A ideia de que o embate entre João Goulart e os governadores da antiga Guanabara, Carlos Lacerda, e de Minas Gerais, Magalhães Pinto, seria decidida por tal dispositivo militar era um equívoco. Não levou em conta que a agitação e a quebra de hierarquia nas Forças Armadas acabaria facilitando a vida de velhos conspiradores das casernas, como os generais Costa e Silva, Ernesto e Orlando Geisel, Golbery do Couto e Silva e Mourão Filho, Costa e Silva, esses, sim, eméritos golpistas. Os generais Humberto Castelo Branco, chefe do estado-maior, e Amauri Kruel, comandante de São Paulo, aderiram ao golpe por causa disso, bem como políticos liberais, como Juscelino, que era o candidato favorito às eleições de 1965, com 37% nas pesquisas.
Não é exagero afirmar que houve um brutal erro de avaliação da correlação de forças e de condução política por parte de João Goulart, Leonel Brizola e Prestes, embora nada justifique o que houve depois disso: a ditadura fascista.
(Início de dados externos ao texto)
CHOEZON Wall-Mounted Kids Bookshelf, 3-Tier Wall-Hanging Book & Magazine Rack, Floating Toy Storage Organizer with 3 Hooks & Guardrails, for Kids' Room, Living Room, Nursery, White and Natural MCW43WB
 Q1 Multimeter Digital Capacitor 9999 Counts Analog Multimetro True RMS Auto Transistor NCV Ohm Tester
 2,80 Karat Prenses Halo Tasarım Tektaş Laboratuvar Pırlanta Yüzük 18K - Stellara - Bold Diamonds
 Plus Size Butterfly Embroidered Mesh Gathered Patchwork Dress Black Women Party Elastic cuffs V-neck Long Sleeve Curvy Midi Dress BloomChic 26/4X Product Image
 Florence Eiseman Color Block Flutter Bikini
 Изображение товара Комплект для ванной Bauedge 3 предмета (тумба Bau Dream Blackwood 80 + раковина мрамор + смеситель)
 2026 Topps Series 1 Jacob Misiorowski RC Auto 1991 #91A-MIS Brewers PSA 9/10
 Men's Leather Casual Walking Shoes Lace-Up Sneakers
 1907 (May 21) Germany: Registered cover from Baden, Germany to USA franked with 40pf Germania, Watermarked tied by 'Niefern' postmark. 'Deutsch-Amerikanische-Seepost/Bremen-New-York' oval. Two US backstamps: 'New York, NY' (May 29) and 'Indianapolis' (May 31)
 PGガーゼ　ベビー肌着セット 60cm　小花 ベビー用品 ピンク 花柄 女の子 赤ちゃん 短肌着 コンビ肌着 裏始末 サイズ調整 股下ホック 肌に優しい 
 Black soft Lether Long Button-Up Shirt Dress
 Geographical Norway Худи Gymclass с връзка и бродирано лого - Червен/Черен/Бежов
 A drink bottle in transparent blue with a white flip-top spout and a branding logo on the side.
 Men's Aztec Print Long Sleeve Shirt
A tese de que o golpe militar poderia ser derrotado pelas armas justificou outro equívoco: o voluntarismo foguista de Carlos Marighela e outros líderes, que optaram pela luta armada contra o regime e foram dizimados. Não tinha a menor chance de dar certo. Quem mandou os militares de volta para a caserna foi o voto popular nas eleições de 1974, 1978, 1982 e 1986, além da campanha das Diretas Já, liderada por Ulyssses Guimarães, e a eleição de Tancredo Neves para a Presidência no colégio eleitoral, em 1985.